MIAMI BEACH (CBSMiami) — Mosquitoes in Miami-Dade County have tested positive for the Zika virus – a first in the continental U.S.
The Florida Department of Agriculture announced Thursday that three mosquito samples taken out of 19 from Miami Beach had the Zika virus – including some in a trap at the Miami Beach Botanical Garden.
“It’s the first time we see mosquitoes with Zika but it was not unexpected,” said Miami-Dade County Mayor Carlos Gimenez.“It was a matter of time before we had these active mosquitoes identified.”
The mayor blamed the bromeliads – saying they tend to hold standing water, attracting mosquitoes.
The small section in Miami Beach where the mosquitoes were found is an area within the current zone already being treated for local transmission cases. This means there’s been increased trapping and intensified mosquito control measures in that area, according to officials.

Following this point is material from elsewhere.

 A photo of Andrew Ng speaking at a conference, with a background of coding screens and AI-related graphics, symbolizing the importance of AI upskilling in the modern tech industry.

Since then, about 95 more samples have been taken from Miami-Dade County and those groups tested negative for the virus. Another batch of mosquitoes is being tested for the virus.
“This find is disappointing, but not surprising. Florida is among the best in the nation when it comes to mosquito surveillance and control, and this detection enables us to continue to effectively target our resources. Miami-Dade County, the City of Miami Beach, and state and federal partners will continue to work aggressively to prevent the spread of Zika,” stated Commissioner of Agriculture Adam H. Putnam.
Miami Beach’s mayor says they are doing everything possible to control the mosquito population in the city and stop the spread of the virus that’s been linked to severe birth defects in babies.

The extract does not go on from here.